_Work instruction_. Only the lines below from the one containing "Marks & Spencer" through the one containing "Wall1ders Gold Toned" belong in the answer, repeated exactly and without pictures.

_Data_.
====
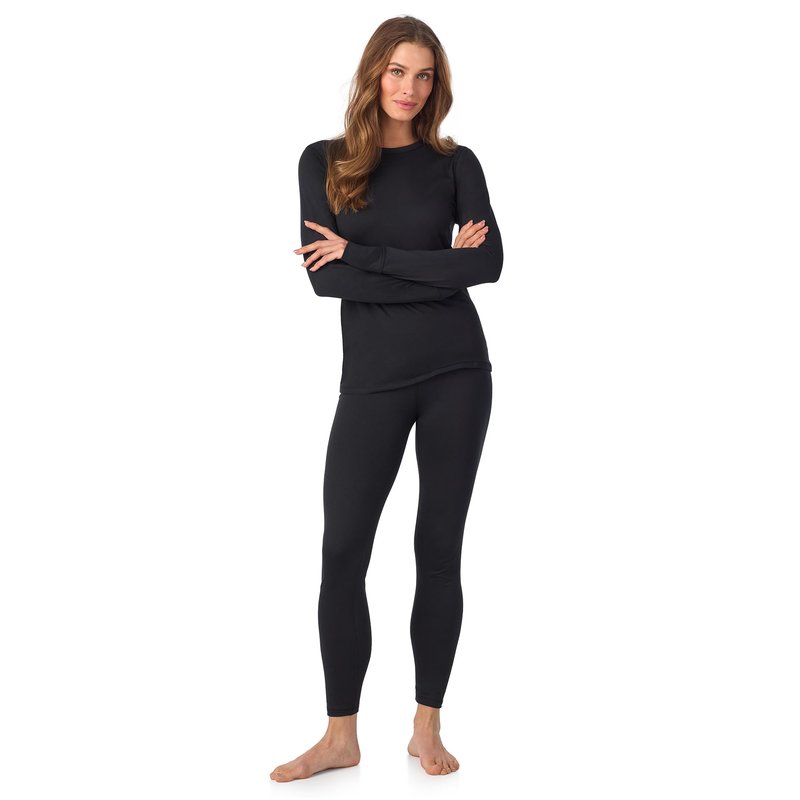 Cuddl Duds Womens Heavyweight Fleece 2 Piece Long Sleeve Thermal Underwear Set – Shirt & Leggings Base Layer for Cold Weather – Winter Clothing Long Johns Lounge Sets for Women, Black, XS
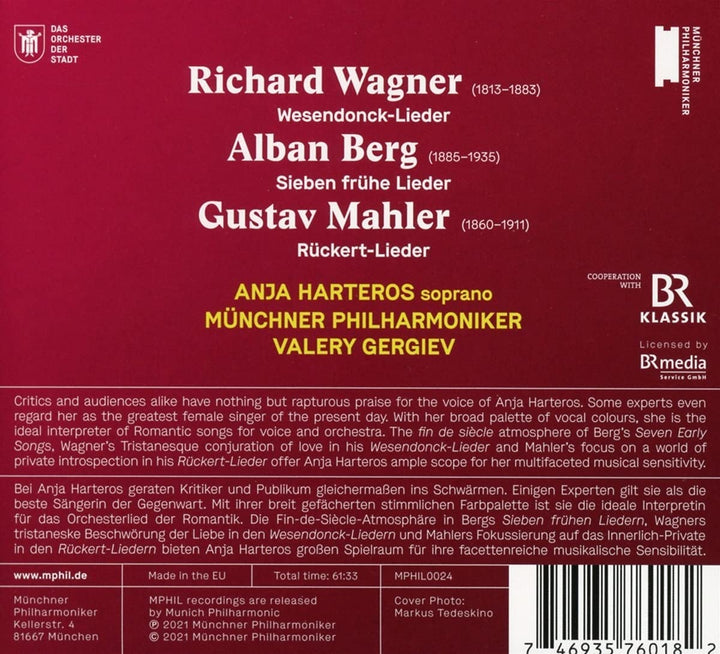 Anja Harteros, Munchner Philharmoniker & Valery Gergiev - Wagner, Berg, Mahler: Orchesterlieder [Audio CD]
====
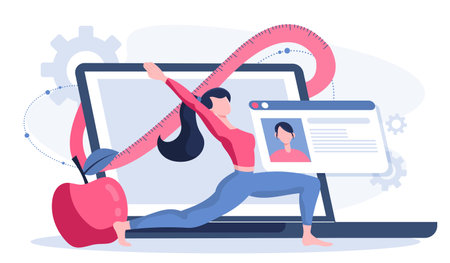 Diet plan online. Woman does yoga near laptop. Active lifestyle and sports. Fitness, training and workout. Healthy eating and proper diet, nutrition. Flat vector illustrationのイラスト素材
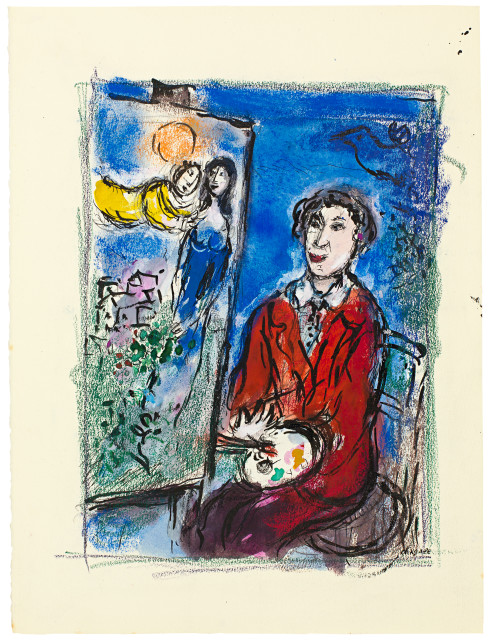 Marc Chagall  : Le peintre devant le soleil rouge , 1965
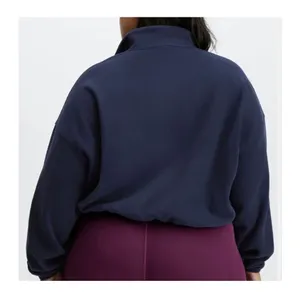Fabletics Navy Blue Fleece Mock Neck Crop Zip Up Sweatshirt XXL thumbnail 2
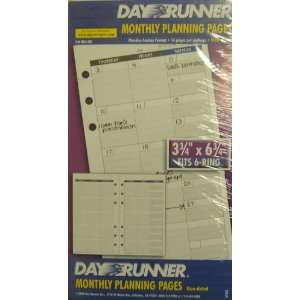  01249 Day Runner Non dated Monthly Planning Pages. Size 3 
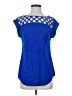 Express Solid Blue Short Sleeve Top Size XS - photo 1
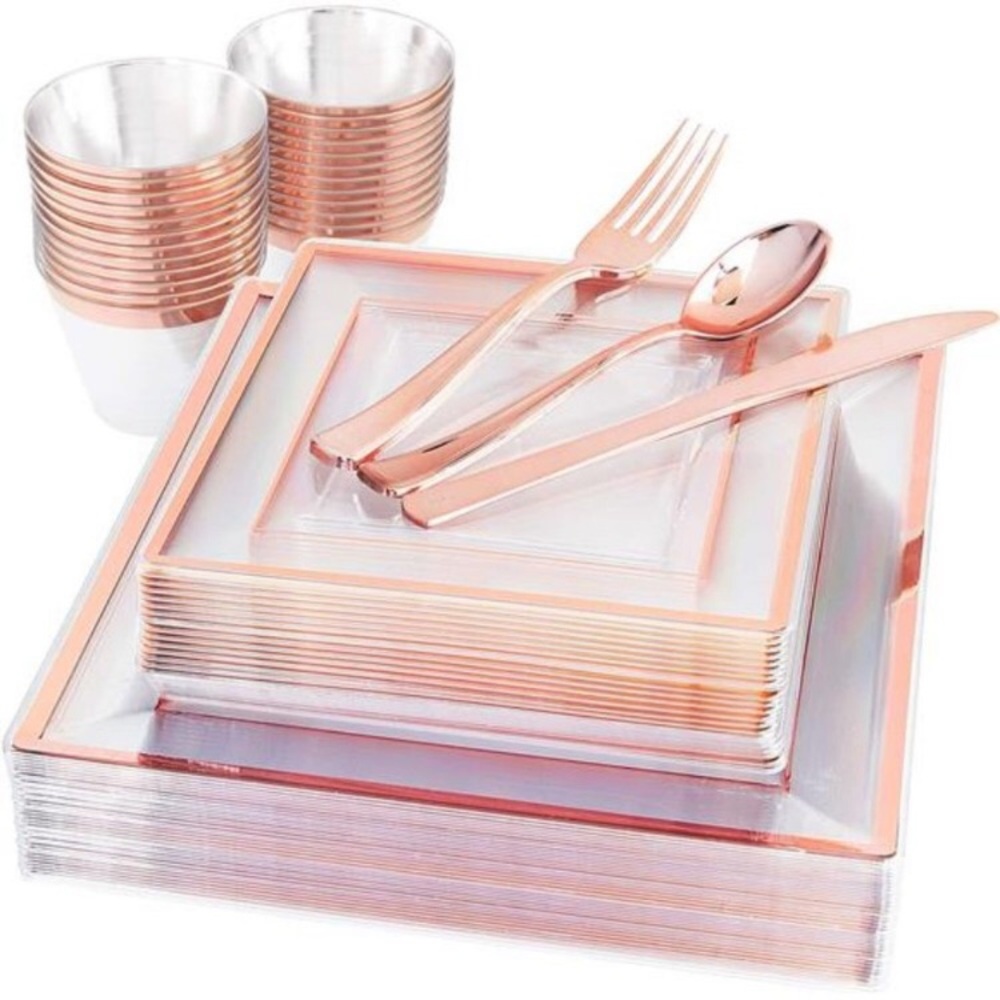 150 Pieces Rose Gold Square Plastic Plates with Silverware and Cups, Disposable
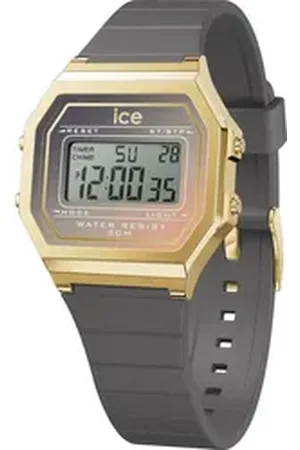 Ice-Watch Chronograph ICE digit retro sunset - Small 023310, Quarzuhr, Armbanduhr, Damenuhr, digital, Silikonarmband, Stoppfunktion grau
====
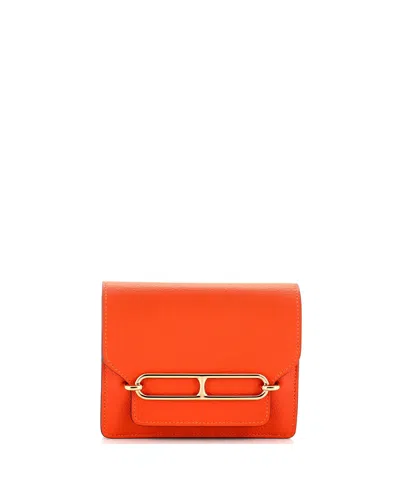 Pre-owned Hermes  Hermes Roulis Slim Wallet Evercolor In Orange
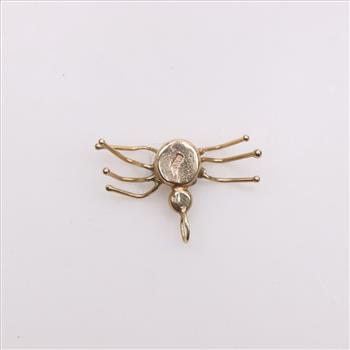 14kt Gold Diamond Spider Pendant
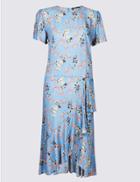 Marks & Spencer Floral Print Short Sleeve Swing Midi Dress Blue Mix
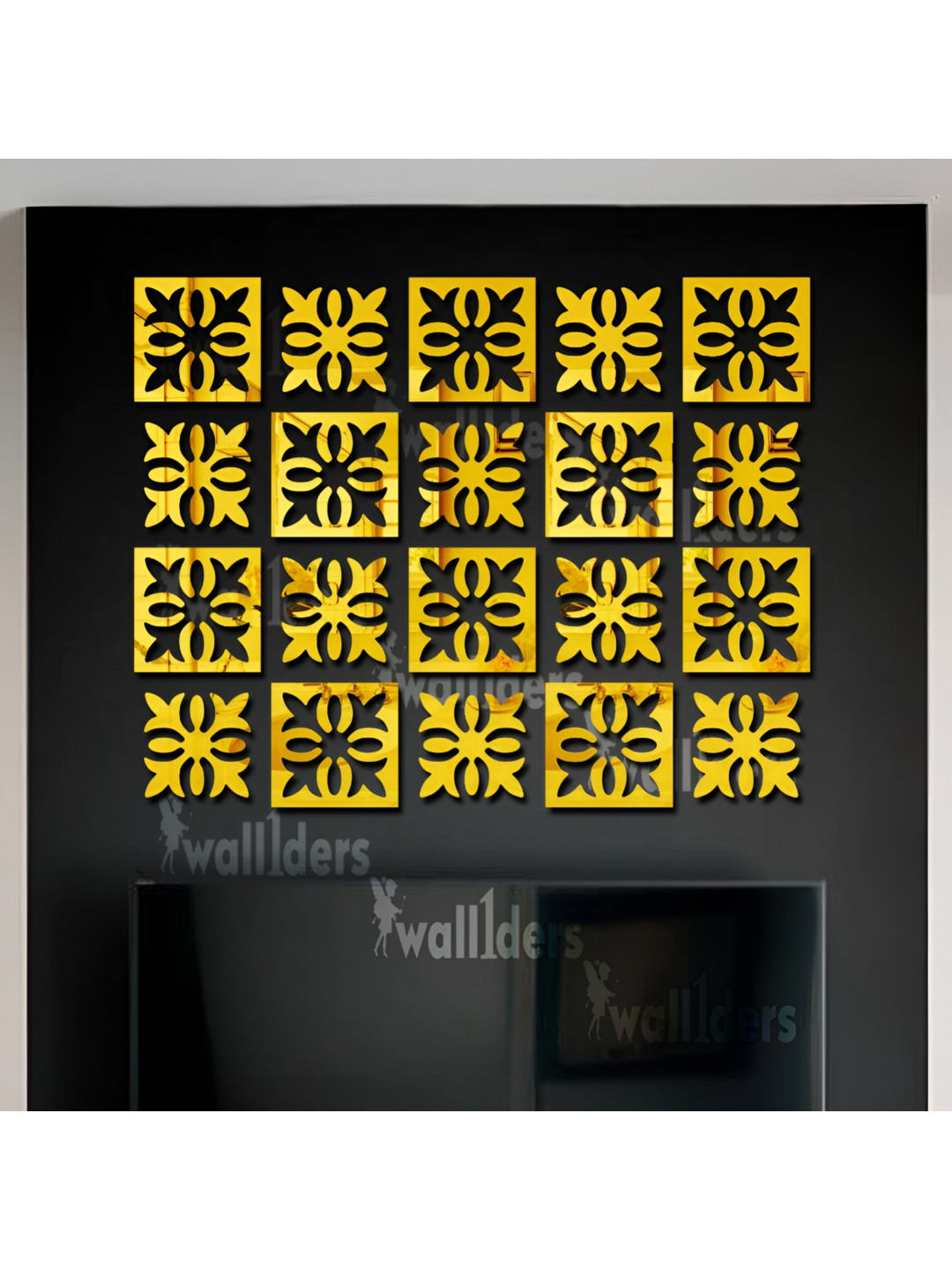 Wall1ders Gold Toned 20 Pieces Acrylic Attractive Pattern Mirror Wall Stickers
====
_The answer_.
 Marks & Spencer Floral Print Short Sleeve Swing Midi Dress Blue Mix
 Wall1ders Gold Toned 20 Pieces Acrylic Attractive Pattern Mirror Wall Stickers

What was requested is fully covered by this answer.